Laying the foundations
In 1995 we got our second home Mac, a Performa 5200. Our first home Mac was some variety of LC that I was using when I was just 3 years old in 1990. All I remember of it is watching my dad playing Populous on it (at least I think it was Populous). At some point between then and 1995 it vanished out of the house, but being so young I didn’t care too much. But with the Performa I started to care a lot. One sunny afternoon a delivery truck pulled up outside my house bringing a big white cardboard cube with a large rainbow coloured Apple on the side of it. I spent much of the rest of the day sat looking at the box waiting for my Dad to come home from work.

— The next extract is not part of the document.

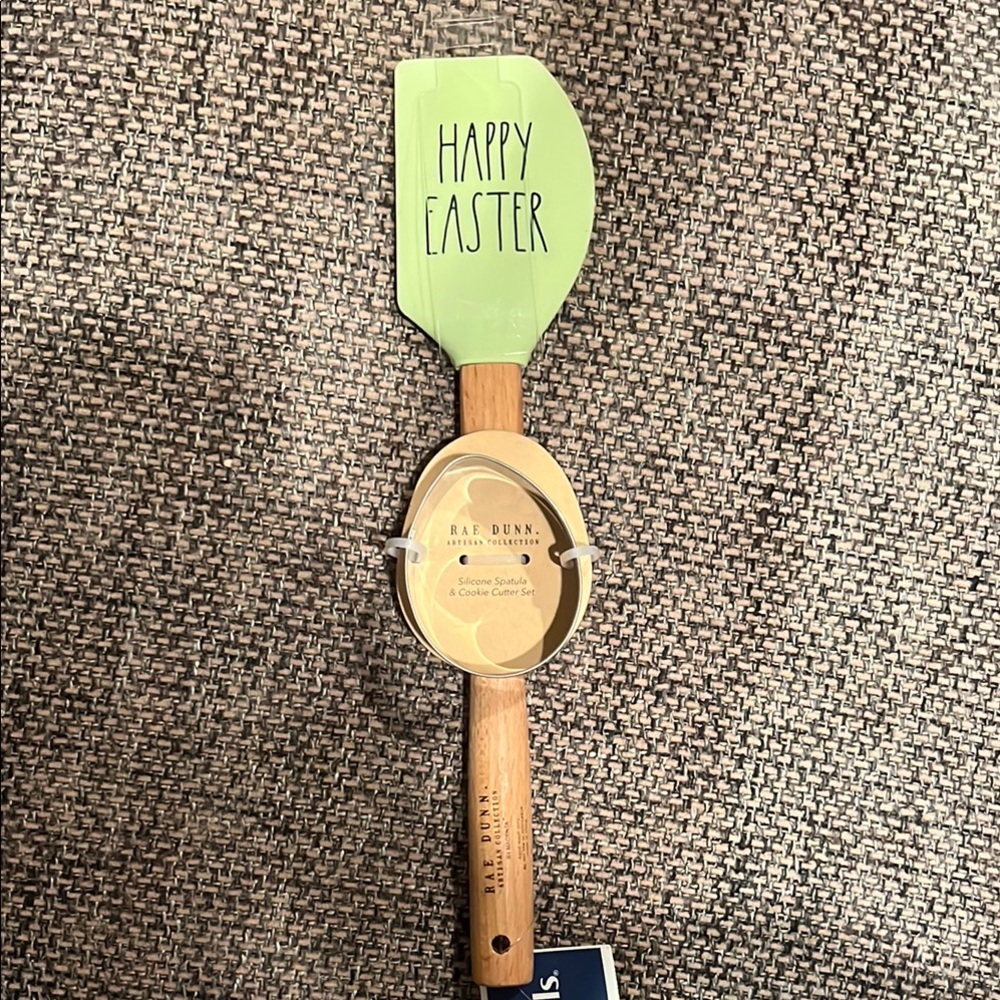 Rae Dunn  Easter Spatula and cookie set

The computer itself wasn’t that spectacular, 75Mhz PPC processor, 1GB HD, CD drive, TV tuner and System 7.5. It was the bundled software that made it such an important part in my road to being an indie dev. As I have previously mentioned, I used Claris Works quite a bit, especially the drawing parts, but it was two other piece of software, one famous and one less so that changed my life. Every since I first put the Myst disk in the machine and played around I wanted to make my own version. I didn’t have a hope of completing it, but I just loved being able to walk around this virtual world. I wanted to make games of my own. The second application was called ConcertWare. It was a music notation application and I believe the first one on the Mac to take advantage of MIDI. This helped spur my interest in writing music.
So eventually I managed to get hold of a copy Apple Media Tool, I can’t remember how, but I learned how to use it and how to piece stuff together to make a presentation. I combined this with graphics I made in Claris Works and a small story my brother had made up to write my first game: Death Zone (I was 8). If you could click a mouse then you could complete this game, but even so this was quite an accomplishment for an 8 year old. I followed this up with a small game called Conquer which was an incredibly simple game almost like Risk and heavily inspired by the progress screen from Command & Conquer.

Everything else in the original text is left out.